**** DATA SUPPLIED ****
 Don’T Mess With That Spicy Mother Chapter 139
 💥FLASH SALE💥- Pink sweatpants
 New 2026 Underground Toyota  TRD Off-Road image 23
****
**** DATA SUPPLIED ****
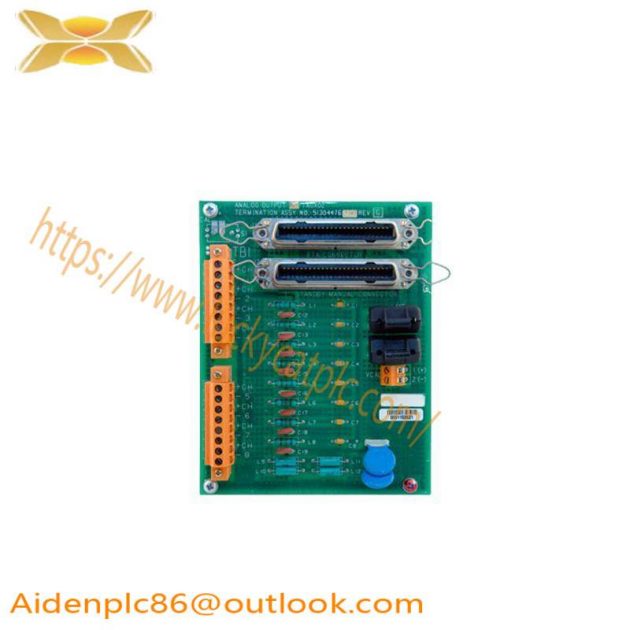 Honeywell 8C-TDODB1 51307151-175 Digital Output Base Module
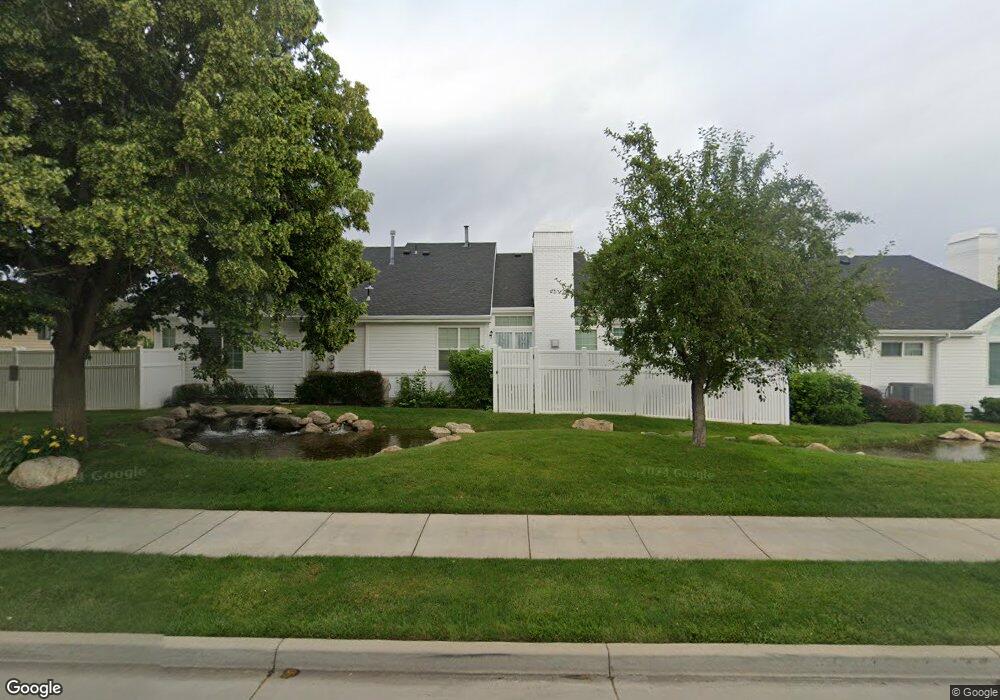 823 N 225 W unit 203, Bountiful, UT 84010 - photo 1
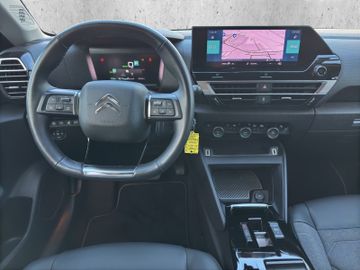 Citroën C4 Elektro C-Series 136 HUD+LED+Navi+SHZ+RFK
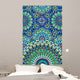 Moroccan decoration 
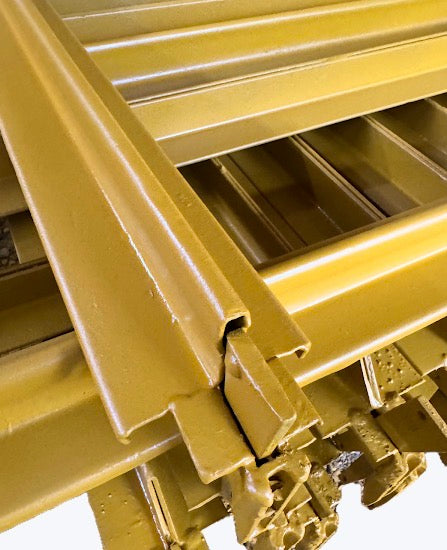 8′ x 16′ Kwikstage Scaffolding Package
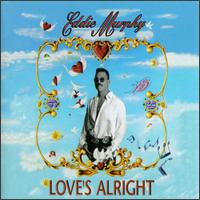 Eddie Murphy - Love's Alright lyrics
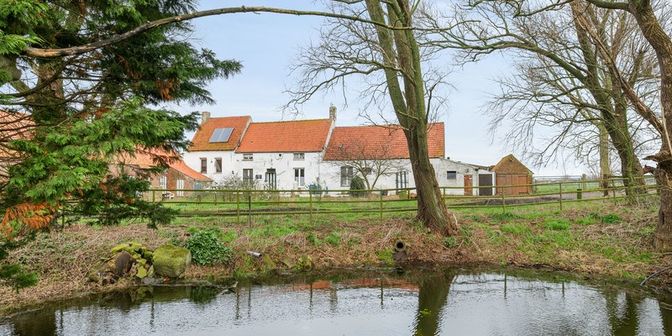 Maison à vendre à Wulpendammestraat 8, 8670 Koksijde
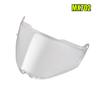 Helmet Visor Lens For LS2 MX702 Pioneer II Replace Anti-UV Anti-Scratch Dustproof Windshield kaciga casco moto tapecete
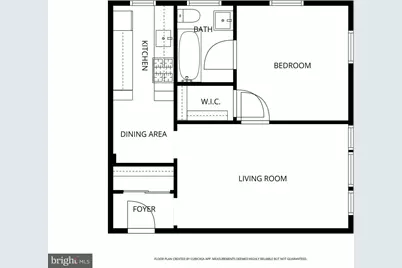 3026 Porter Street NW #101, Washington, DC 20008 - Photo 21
****
**** DATA SUPPLIED ****
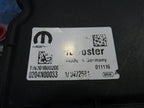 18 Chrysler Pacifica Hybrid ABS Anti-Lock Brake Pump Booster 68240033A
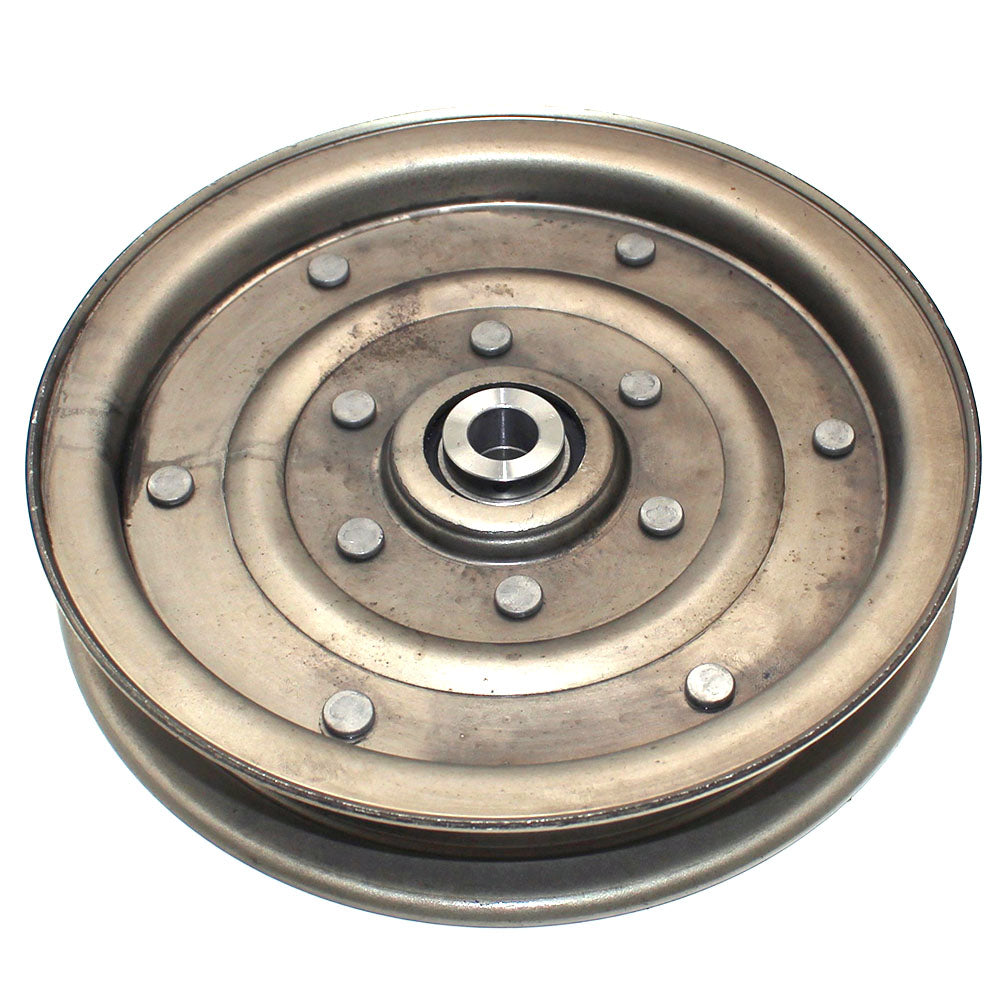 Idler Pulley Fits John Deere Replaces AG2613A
****
- EXERCISE -
I'd like the lines above repeated exactly, from the one that contains "18 Chrysler Pacifica" through the one that contains "Idler Pulley Fits", with no pictures.

- TASK RESULT -
 18 Chrysler Pacifica Hybrid ABS Anti-Lock Brake Pump Booster 68240033A
 Idler Pulley Fits John Deere Replaces AG2613A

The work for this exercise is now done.